Training is carried out to health professionals and educators to ensure a consistent message is transmitted.
Mental Health Services have specifically designed services for young people.
A Crisis Intervention Service for children and adolescents is available from seven am to five pm at the Accident & Emergency at Mater Dei Hospital. Through this service, children and adolescents who are experiencing metal health related issues can drop in and be reviewed by a psychiatric specialist and by a child and adolescent psychiatric nurse. If required the client can be referred further to a psychologist or social worker.
Regular psychological services can also be accessed through the Child and Young People's Services.

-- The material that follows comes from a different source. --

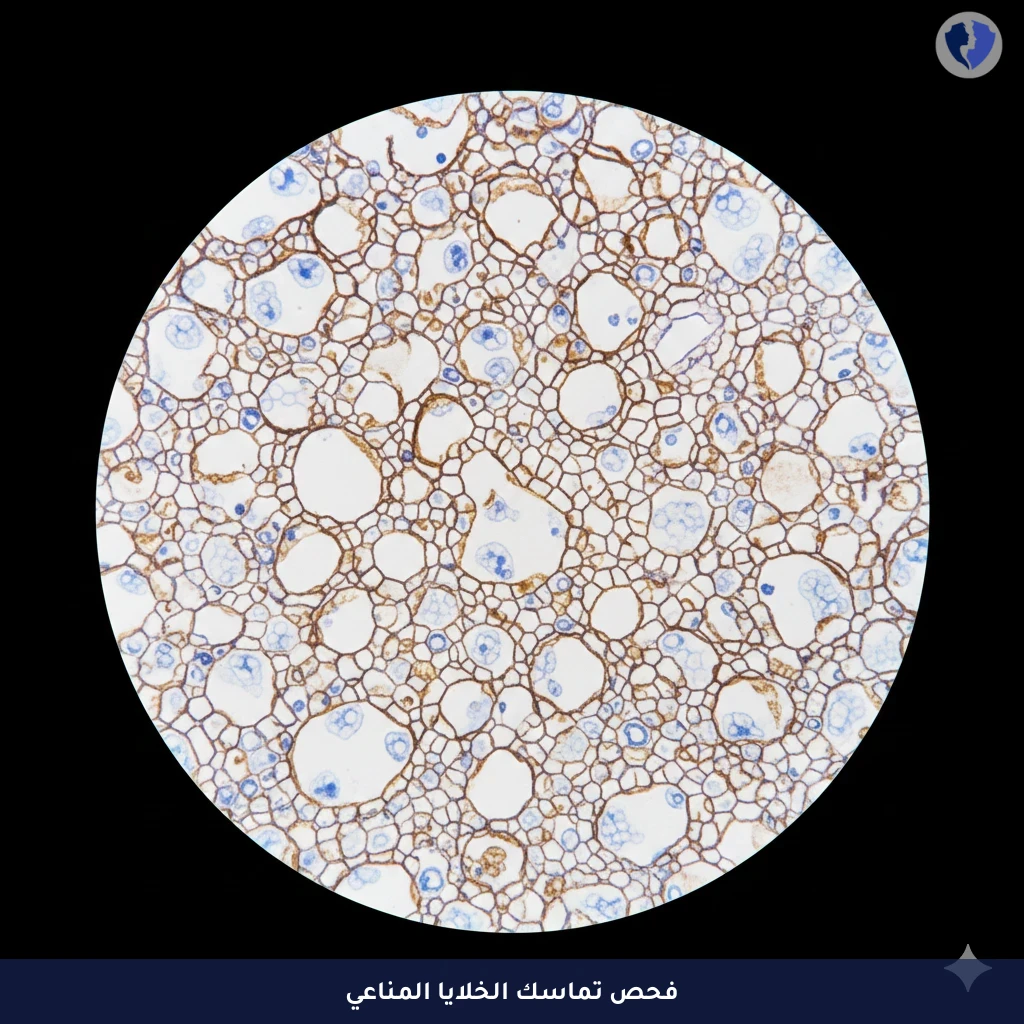 فحص كيميائي نسيجي مناعي لبروتين إي-كادهرين (E-Cadherin) - فحص E-Cadherin لتقييم انتشار الورم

In addition, for those young people requiring inpatient treatment, a new unit 12 bed unit has been set up just outside of the perimeter of Mount Carmel Hospital. This Youth Residence provides a 24-hour protective, therapeutic environment with professional assessment and stabilisation of acute mental health issues. It provides both inpatient care facilities as well as therapeutic day programmes as part of a patients care plan. Access to on-going education at the appropriate developmental level also forms an essential criteria of the service.
Professional development for health care mediators is provided through training such as ‘Cultural Mediators in Health Care’. This is delivered to interested candidates by the Migrant Health Liaison Office within Primary Health Care. Two of the present Cultural Mediators working at the Primary Health Care took part in the LEAP Project where they received training and a skills passport. Individuals interested in this role are also encouraged to attend courses to improve their English and computer skills.
The cultural mediation service is a collective effort between Mater Dei Hospital and the Primary Health Care Department. This method would be beneficial if adopted in other health and social care settings.
See Social Services.
The Social Care Standards Authority regulates all social care services for vulnerable young people who may need or are receiving particular services due to a disability, addiction or because due to their current circumstances they are unable to take care of themselves or protect themselves against harm or exploitation. By regulating and inspecting such services these young people are assured that the service empowers them to improve their life, preventing further harm, abuse or neglect towards them as well as supporting them through professional intervention.
Healthcare Standards Directorate
The Healthcare Standards Directorate is responsible to regulate, inspect and license those establishments that provide a service, which may impact public health, issue standards to support a service of excellence provided through these establishment. The key principles are to keep people safe, promote dignity and choice and finally but not least support independence. The values of the Standards Directorate are about being people-centred, transparent and accessible and finally be rigorous and fair, and actively involved to change for the better.
Housing Quality Assurance
Chapter 125 Housing Act aims to make provision for securing living accommodation to the homeless, for ensuring a fair distribution of living accommodation and for the requisitioning of buildings
Financial Quality Assurance
Chapter 174 Financial Administration and Audit Act aims to regulate the receipt, control and disbursement of public money, to provide for the audit of accounts in relation thereto, and to provide for other matters connected with or incidental to the purposes aforesaid.